Enquanto que no Rio de Janeiro o Museu Ferroviário, que abriga a locomotiva Baronesa, e o carro do Imperador, está fechado e abandonado no subúrbio do Engenho de Dentro, felizmente o Museu Ferroviário João Evaristo de Abreu Duarte, em Ribeirão Pires, recebeu reestruturação administrativa. O objetivo foi adotar medidas técnicas e mecanismos de gestão recomendados pelo Ibram e pelo Sisem (Sistema Estadual de Museus), seguindo os marcos da política nacional de museus.

As adequações foram realizadas pela Prefeitura da de Ribeirão Pires, por meio da Secretaria de Turismo e Desenvolvimento Econômico e do Catp (Centro de Apoio Técnico ao Patrimônio). As melhorias tiveram por objetivo aproximar o público do local.

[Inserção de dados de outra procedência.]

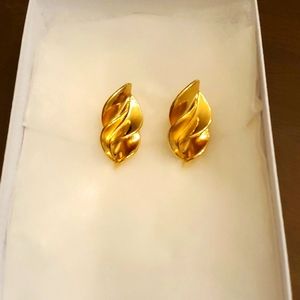 Goldtone swirl ribbon stud earrings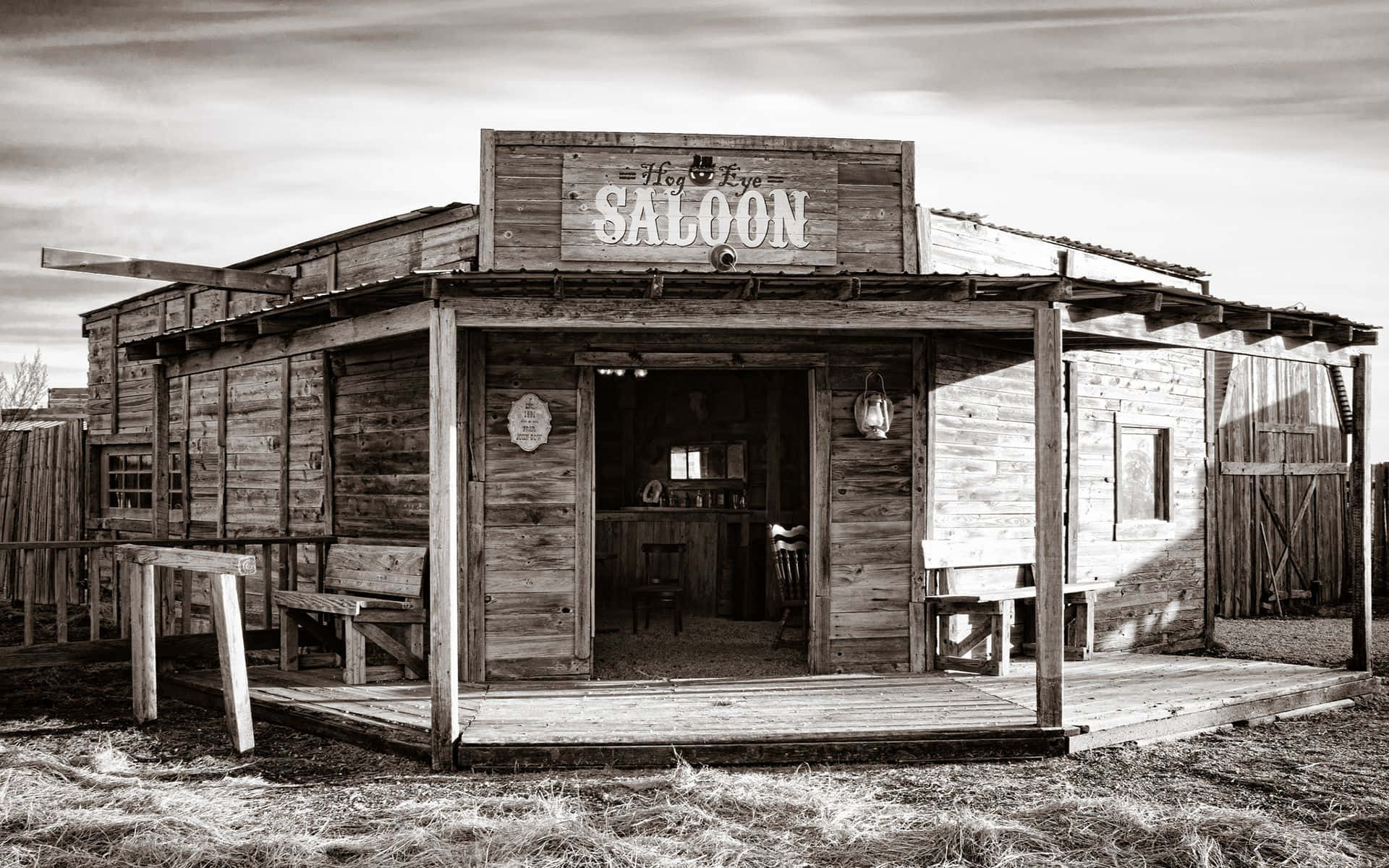 Wild West Saloon scenen skaber et væld af vilde natte skygger Wallpaper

É o primeiro museu ferroviário a ter instalações de ferromodelismo, com maquetes que respeitam a escala. O Museu Ferroviário João Evaristo de Abreu Duarte transformou-se em foco de ações educativas, transmitindo a história e importância da ferrovia para o desenvolvimento do município e da região.

Foi criado pela Prefeitura também um conselho gestor, formado majoritariamente por ferroviários, para a condução do museu por meio de gestão participativa.

Inaugurado em 2016, o Museu Ferroviário João Evaristo de Abreu Duarte é o segundo deste segmento na região.